To become financially independent, you need a plan. But a recent survey by UBS Global Wealth Management shows that 58% of married women leave investments and long-term decisions about financial planning to their husbands. Only 23% of women surveyed take control of their own financial planning. To shift the narrative, women should equip themselves to be confident when it comes to financial planning, including their family’s insurance needs. While many women are already heading up households, those in relationships should also remember their relationship status could change for a variety of reasons. Being prepared and informed if your partner is doing the planning is key, and if you are already in the driver’s seat, you need to ensure you think holistically and that all the bases are covered.

Getting started in financial planning can seem overwhelming if you are behind, but it’s not impossible to catch up. An easy place to start is getting short-term insurance right. It’s an essential component to ensuring your financial plans don’t get derailed. While it’s hard to pay for cover without needing to claim, thinking of it as a reliable safety net will soon prove its worth. Getting it right is also a step towards securing financial independence.

Short-term insurance over the years

Short-term insurance needs are constantly changing as you move through the different phases of your life. In your 20s, the most important and valuable items are probably your vehicle, cellphone, jewellery, laptop or any other electronics, your handbag and sports bag. Make sure these items are specified so they are covered outside of your home, as they are most at risk while travelling with you. Some insurers have affordable products developed specifically for young adults, offering the best coverage and premium, so shop around and ask an adviser for suggestions. Don’t automatically opt for the cheapest insurance. Sometimes cheap insurance comes with cheap coverage too.

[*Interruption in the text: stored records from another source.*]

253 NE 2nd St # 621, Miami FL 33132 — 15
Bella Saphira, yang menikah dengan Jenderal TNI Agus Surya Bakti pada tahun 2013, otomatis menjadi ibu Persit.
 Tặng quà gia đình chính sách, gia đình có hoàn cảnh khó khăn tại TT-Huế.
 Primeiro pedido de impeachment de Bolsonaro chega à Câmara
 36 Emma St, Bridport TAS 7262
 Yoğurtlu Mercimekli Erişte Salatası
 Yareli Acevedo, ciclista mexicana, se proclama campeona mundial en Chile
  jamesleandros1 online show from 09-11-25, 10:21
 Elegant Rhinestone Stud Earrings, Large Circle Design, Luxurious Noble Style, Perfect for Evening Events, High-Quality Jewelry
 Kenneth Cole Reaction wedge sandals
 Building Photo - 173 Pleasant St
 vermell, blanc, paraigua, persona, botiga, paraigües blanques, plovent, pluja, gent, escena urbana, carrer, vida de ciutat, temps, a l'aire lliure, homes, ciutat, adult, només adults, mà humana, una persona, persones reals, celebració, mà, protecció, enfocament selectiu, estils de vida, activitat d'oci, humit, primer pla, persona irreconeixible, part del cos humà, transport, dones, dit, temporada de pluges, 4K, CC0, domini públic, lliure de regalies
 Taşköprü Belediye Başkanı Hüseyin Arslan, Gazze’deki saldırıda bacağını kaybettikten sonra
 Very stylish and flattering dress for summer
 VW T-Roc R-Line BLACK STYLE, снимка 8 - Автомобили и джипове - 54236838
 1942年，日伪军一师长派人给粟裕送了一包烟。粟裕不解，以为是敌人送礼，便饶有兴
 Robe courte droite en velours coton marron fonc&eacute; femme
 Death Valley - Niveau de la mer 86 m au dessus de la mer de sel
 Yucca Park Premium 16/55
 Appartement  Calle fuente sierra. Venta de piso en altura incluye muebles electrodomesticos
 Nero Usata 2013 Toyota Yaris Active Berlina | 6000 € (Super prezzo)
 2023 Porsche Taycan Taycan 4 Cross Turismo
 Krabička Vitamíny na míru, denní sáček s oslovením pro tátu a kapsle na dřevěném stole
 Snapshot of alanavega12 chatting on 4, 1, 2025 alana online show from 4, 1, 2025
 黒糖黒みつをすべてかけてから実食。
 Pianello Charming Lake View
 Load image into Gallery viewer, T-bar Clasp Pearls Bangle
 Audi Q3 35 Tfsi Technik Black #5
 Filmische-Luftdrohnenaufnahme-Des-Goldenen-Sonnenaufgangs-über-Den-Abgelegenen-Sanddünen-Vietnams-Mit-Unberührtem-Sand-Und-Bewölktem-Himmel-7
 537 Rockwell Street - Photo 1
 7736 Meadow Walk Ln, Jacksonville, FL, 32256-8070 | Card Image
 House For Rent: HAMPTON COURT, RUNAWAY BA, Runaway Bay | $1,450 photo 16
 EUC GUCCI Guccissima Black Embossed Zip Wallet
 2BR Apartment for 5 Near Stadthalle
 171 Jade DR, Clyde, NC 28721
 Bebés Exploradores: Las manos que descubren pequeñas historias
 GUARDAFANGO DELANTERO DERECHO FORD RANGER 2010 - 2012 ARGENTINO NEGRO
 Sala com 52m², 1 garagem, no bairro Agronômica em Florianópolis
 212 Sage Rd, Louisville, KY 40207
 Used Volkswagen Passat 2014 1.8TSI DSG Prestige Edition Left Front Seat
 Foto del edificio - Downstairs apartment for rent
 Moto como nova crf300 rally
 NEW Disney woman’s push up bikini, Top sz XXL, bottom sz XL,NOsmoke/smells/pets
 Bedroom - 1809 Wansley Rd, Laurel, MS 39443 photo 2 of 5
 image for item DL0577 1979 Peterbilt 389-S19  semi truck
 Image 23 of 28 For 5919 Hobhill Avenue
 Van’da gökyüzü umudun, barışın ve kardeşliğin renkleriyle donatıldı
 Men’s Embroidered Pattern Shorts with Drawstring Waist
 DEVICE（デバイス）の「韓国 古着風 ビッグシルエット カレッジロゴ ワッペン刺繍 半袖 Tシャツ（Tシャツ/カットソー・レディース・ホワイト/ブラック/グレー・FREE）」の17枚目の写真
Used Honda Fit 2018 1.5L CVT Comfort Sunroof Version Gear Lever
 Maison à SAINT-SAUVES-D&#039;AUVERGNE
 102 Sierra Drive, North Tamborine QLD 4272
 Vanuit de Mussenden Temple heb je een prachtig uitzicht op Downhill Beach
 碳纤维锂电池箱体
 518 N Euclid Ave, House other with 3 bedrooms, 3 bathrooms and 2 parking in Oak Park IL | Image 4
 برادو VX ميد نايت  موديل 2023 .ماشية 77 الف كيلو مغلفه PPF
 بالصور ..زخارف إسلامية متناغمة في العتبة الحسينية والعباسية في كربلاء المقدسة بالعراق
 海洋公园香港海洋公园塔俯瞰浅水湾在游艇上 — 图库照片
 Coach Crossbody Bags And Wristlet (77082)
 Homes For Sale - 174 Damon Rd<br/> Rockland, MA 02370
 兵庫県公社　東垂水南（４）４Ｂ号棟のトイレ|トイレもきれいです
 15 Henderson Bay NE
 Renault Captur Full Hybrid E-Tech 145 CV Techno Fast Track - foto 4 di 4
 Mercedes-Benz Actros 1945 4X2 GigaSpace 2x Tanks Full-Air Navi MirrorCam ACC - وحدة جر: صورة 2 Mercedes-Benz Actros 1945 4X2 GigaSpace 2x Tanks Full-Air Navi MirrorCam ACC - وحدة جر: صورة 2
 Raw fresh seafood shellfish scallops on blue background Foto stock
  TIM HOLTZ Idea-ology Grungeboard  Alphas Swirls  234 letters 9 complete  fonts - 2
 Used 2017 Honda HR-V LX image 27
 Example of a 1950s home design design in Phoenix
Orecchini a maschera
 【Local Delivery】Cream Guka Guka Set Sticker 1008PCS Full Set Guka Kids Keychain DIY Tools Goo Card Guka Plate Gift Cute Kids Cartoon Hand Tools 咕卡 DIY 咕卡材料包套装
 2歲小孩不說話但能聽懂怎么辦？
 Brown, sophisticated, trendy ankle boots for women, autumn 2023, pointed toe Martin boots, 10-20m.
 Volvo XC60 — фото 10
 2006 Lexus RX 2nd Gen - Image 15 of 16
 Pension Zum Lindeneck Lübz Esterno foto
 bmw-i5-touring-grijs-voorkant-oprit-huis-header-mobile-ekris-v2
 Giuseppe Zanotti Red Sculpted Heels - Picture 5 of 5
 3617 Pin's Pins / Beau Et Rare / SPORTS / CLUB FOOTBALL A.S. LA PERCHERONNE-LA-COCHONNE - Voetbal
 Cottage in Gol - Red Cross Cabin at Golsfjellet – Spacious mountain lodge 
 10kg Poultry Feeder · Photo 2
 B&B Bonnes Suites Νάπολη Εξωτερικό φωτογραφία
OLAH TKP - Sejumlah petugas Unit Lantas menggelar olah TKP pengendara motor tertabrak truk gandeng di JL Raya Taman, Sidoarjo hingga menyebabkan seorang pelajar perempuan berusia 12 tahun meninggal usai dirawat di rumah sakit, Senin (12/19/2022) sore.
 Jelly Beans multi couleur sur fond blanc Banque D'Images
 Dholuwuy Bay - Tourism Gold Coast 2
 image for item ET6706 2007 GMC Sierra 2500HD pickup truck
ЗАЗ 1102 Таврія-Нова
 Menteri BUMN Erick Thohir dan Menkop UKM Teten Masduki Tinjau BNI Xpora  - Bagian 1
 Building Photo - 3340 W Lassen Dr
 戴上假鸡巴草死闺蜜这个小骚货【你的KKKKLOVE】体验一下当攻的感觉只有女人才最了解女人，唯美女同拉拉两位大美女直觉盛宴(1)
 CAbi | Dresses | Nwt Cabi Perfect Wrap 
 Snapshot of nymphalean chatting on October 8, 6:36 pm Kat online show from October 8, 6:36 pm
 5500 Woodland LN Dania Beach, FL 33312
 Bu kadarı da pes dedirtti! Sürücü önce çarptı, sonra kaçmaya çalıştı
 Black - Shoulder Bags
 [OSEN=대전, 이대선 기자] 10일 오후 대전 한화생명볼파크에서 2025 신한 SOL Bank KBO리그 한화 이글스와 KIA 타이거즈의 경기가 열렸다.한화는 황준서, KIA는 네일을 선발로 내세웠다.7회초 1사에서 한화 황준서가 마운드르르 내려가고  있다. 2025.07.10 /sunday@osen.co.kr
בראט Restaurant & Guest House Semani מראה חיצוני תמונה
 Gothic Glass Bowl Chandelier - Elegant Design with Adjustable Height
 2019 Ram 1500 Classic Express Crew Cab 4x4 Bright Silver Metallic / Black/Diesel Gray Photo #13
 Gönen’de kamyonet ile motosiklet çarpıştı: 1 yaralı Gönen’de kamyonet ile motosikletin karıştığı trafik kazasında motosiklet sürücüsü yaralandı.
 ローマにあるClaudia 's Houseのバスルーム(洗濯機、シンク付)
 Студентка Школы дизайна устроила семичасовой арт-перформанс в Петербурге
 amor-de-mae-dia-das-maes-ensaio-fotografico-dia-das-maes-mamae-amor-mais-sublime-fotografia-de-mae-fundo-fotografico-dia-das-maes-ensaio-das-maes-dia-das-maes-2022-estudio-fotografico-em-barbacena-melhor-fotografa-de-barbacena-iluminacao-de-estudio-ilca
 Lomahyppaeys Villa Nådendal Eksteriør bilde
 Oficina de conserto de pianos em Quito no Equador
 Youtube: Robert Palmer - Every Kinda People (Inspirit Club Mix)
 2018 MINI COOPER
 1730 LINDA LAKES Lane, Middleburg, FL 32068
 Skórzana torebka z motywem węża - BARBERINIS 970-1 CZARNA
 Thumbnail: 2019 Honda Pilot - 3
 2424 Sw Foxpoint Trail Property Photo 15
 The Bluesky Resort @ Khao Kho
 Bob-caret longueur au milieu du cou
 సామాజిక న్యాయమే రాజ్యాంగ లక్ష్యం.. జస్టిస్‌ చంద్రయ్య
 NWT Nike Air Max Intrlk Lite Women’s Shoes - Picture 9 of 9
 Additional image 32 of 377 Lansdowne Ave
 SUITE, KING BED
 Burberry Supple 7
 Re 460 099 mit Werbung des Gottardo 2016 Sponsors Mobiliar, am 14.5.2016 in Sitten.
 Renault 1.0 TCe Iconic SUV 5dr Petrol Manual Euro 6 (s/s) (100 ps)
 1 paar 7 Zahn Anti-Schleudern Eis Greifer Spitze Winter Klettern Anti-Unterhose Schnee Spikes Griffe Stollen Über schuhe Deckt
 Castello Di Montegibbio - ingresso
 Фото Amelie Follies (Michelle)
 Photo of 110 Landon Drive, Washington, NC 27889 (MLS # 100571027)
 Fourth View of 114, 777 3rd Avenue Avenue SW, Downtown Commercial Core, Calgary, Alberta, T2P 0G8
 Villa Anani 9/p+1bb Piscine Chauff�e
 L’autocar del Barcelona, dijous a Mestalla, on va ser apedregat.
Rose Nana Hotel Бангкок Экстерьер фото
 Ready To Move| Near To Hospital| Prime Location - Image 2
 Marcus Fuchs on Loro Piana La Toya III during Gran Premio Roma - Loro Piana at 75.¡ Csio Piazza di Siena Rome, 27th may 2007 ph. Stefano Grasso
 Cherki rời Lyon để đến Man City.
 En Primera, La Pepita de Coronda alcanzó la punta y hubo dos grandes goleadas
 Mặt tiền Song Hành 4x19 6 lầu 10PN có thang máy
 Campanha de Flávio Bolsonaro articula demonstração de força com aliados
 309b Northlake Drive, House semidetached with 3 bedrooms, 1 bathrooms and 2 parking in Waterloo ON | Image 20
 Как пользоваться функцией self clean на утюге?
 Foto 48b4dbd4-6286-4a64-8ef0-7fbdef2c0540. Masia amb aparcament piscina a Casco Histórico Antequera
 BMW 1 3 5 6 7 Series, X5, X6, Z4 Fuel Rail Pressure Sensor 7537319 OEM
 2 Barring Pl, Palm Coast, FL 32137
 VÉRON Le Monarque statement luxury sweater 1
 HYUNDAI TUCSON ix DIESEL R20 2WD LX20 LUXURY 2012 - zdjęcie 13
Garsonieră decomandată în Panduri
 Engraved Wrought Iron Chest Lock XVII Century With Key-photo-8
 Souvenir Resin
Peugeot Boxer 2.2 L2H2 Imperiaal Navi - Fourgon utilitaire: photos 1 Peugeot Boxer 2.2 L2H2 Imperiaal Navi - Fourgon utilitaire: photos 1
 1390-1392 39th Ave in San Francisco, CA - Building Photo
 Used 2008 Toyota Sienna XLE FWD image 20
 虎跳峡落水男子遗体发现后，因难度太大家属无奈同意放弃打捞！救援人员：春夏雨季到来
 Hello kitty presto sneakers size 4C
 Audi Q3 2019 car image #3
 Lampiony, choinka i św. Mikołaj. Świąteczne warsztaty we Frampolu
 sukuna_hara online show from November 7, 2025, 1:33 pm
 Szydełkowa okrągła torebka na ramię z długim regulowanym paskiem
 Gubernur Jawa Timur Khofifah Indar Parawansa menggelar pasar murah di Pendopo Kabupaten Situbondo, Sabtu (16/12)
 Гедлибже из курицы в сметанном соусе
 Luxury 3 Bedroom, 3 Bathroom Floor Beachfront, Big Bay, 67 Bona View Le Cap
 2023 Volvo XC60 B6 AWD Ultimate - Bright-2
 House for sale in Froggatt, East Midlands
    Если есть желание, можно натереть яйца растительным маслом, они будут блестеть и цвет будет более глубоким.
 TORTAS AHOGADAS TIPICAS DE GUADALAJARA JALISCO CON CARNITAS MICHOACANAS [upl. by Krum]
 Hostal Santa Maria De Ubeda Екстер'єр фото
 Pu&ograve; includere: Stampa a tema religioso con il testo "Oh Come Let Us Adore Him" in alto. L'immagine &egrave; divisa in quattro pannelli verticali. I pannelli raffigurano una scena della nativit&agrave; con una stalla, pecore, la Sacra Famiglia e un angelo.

In your 30s, you may have your own home, home contents, and perhaps a spouse and children. It makes sense to have all insurable needs under one policy. This is often cheaper with premiums that are easier to maintain.

In your 40s, you may be eligible for a more sophisticated product, providing cover on an all risk basis for your home contents. You could claim up to a certain percentage of your contents’ insured value on items like your cellphone, which ends up being great value for money on your policy premium too.

From 55, you qualify for additional benefits such as further discounts on your premiums and no excesses on vehicles and other sections (depending on your policy). Children are likely out of the house and perhaps you have started to scale back or are drawn to a safer complex or retirement village. Your home contents may carry less risk if you make the move, and can be adjusted accordingly.

Increased safety measures will often decrease your premium (no matter your age) but weighing up any premium savings against the cost of adding features or possible losses can guide your decision. Keep in mind that underinsurance can undermine anyone’s policy. Having too little cover can result in a lower payout, should you need to claim.

It’s important that your adviser should understand your needs and that your short-term portfolio be reviewed at least annually too.